Most recent work on the relationship between medicine and the market in early modern England has focused on patients and practitioners in towns and cities, particularly London. Indeed, the idea of a ‘medical marketplace’ was developed for London and Florence, two of Europe’s most important metropolises. By contrast, little is known about healthcare in rural areas. Most studies of urban medicine have assumed that town-based medical practitioners primarily concentrated on serving their immediate market and did not reach out into the countryside to any significant extent.
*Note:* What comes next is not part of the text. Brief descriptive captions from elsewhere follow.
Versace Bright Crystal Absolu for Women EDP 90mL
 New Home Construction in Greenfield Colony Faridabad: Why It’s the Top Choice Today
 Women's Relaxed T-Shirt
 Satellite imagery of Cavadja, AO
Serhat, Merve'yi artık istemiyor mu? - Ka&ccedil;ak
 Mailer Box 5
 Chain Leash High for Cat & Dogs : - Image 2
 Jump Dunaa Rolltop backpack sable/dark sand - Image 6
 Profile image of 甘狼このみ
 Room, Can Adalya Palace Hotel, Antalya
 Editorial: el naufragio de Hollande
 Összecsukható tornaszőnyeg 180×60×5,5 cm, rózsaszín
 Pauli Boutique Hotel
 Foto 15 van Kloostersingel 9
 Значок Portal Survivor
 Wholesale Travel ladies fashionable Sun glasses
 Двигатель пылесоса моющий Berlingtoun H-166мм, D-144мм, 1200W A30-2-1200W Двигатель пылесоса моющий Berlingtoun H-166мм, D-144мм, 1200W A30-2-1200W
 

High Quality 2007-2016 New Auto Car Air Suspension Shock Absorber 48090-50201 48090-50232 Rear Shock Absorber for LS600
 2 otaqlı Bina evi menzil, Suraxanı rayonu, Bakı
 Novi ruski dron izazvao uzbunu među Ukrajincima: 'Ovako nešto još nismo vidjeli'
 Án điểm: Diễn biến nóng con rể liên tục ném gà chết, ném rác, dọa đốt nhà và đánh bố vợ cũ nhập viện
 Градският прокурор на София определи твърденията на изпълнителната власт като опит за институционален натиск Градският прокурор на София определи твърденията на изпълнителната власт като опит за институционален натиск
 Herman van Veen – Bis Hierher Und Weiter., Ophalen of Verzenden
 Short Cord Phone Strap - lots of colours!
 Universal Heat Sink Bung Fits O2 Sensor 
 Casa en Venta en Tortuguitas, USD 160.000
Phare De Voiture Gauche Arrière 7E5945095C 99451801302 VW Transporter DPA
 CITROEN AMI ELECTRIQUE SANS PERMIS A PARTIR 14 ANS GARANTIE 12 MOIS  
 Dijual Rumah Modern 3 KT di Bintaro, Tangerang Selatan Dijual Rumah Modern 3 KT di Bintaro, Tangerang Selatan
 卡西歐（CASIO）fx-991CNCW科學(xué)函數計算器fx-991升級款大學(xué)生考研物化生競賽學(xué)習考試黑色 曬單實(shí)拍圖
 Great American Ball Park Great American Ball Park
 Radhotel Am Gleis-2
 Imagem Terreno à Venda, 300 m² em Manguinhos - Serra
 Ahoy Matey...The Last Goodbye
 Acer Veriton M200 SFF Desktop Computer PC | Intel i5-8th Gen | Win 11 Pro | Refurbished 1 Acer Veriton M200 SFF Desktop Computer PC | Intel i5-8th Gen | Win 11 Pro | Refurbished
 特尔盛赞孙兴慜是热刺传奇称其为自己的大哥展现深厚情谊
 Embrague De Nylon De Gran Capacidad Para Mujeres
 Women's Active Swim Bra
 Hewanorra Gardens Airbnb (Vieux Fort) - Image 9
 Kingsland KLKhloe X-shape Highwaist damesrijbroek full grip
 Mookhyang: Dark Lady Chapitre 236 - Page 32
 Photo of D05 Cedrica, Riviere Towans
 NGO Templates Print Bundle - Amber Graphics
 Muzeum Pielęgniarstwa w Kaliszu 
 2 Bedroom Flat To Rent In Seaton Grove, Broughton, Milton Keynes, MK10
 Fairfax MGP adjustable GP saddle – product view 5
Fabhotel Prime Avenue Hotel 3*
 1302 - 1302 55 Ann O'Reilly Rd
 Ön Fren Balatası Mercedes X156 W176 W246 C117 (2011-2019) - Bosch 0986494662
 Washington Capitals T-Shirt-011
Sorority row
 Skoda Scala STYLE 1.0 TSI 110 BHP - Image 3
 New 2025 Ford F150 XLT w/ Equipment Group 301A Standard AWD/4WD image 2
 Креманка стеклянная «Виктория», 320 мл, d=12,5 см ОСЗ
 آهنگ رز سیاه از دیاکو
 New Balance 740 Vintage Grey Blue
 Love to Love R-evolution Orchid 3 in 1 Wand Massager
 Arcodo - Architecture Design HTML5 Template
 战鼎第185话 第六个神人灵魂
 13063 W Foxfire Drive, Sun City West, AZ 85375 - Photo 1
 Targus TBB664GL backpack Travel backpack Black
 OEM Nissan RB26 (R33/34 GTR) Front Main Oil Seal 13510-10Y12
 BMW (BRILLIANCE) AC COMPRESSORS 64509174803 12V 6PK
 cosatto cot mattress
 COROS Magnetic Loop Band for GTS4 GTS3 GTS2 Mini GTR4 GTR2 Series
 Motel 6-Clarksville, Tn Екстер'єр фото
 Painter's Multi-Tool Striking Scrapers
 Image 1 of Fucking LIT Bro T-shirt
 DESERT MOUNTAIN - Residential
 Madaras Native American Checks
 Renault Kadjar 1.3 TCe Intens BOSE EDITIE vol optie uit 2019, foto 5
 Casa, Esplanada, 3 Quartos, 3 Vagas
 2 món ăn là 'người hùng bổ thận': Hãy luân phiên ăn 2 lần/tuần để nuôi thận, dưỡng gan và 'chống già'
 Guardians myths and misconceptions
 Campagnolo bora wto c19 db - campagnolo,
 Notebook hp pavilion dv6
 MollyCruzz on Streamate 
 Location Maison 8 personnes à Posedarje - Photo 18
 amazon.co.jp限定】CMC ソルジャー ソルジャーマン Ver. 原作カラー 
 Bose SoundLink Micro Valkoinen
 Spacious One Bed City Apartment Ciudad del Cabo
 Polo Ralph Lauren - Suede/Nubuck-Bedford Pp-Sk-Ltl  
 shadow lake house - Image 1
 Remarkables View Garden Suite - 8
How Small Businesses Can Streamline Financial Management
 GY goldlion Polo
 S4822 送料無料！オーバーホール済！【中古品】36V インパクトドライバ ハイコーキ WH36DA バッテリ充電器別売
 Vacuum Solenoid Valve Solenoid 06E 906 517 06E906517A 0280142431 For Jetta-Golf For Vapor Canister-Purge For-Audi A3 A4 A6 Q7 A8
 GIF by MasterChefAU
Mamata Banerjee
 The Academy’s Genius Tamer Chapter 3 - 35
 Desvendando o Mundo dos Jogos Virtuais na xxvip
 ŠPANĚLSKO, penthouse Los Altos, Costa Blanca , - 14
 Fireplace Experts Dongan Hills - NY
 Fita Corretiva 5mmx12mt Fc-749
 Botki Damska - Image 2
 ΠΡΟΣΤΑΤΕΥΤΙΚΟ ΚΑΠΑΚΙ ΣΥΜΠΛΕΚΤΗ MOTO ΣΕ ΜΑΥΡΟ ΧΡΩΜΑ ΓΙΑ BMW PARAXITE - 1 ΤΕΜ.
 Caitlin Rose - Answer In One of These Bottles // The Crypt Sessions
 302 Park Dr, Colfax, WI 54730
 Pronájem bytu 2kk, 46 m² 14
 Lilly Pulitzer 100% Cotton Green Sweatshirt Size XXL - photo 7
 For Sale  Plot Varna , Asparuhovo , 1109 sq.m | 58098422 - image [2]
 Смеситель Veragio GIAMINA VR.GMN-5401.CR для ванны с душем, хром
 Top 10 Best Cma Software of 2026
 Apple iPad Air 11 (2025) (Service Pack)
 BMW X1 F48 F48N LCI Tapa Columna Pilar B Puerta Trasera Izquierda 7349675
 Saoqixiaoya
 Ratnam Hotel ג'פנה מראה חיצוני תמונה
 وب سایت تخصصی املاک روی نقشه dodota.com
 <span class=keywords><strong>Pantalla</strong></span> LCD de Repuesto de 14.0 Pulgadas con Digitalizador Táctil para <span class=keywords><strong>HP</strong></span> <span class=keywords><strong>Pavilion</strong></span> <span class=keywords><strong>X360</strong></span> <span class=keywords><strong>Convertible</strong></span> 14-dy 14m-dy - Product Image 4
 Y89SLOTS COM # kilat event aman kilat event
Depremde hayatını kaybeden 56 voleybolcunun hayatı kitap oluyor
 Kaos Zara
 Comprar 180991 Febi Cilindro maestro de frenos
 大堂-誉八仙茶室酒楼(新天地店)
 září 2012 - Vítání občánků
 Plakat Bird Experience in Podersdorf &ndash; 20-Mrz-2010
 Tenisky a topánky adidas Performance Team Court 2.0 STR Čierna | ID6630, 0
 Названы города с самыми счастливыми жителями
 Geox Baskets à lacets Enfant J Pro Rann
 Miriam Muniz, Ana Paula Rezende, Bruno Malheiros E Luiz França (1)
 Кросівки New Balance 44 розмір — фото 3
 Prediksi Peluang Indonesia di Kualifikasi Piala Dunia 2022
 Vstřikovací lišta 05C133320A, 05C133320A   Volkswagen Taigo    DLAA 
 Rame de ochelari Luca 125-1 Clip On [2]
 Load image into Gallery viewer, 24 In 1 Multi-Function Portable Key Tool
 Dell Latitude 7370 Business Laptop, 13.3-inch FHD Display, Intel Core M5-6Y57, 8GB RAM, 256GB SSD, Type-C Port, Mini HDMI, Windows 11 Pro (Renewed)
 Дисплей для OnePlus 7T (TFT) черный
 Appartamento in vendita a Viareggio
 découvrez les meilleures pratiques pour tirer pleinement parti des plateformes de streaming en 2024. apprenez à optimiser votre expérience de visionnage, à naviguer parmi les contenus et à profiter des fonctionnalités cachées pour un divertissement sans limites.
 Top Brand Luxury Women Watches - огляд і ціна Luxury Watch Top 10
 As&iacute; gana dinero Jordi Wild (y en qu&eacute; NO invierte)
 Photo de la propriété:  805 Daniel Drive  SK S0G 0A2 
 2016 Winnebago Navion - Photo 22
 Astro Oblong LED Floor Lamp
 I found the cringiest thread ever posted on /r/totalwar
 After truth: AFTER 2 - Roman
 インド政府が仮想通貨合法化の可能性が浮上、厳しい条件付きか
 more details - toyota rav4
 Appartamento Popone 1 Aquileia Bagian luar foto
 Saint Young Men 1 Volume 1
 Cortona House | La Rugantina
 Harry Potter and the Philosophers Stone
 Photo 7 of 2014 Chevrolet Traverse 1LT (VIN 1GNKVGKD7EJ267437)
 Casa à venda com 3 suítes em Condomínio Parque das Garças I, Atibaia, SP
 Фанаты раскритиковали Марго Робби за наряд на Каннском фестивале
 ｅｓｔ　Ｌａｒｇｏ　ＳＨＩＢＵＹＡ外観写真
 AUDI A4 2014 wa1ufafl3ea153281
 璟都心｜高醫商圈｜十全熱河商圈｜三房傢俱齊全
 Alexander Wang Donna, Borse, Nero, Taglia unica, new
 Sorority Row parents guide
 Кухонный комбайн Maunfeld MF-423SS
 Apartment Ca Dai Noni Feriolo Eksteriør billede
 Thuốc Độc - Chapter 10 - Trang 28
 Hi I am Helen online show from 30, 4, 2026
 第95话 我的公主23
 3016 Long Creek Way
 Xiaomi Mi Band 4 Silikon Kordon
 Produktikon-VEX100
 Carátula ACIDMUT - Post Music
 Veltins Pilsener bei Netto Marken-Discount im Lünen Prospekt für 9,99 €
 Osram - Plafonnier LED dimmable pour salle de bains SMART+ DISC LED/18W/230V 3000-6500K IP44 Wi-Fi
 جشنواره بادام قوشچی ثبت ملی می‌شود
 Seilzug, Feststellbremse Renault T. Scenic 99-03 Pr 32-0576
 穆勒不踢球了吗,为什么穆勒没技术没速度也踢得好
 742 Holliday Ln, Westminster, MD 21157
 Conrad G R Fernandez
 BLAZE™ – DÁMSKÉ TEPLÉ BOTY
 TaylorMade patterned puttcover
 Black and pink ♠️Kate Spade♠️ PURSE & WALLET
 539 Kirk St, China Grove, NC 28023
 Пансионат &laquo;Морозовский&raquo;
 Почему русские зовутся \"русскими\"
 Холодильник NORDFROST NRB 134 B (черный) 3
As a consequence, it has often been assumed that people living outside towns — the majority of the population of England at this time — were largely reliant on informal, irregular and charitable provision, particularly parish clergy or benevolent gentlewomen, an assumption reinforced by the appearance of case studies of the few such individuals for whom significant bodies of evidence have survived. In this chapter, an alternative model of rural medical provision is outlined, based upon extensive research into the consumption of medical services in Southern England between the late sixteenth and early eighteenth centuries. As shown below, town and country were medically interdependent, not distinctive arenas. Moreover, by tracking the location and usage of medical practitioners who sold their services to rural patients — essentially the supply side of the medical economy — we can observe how the shape and structure of this rural ‘medical marketplace’ shifted over time as rural-based practitioners begin to dominate provision in the early eighteenth century.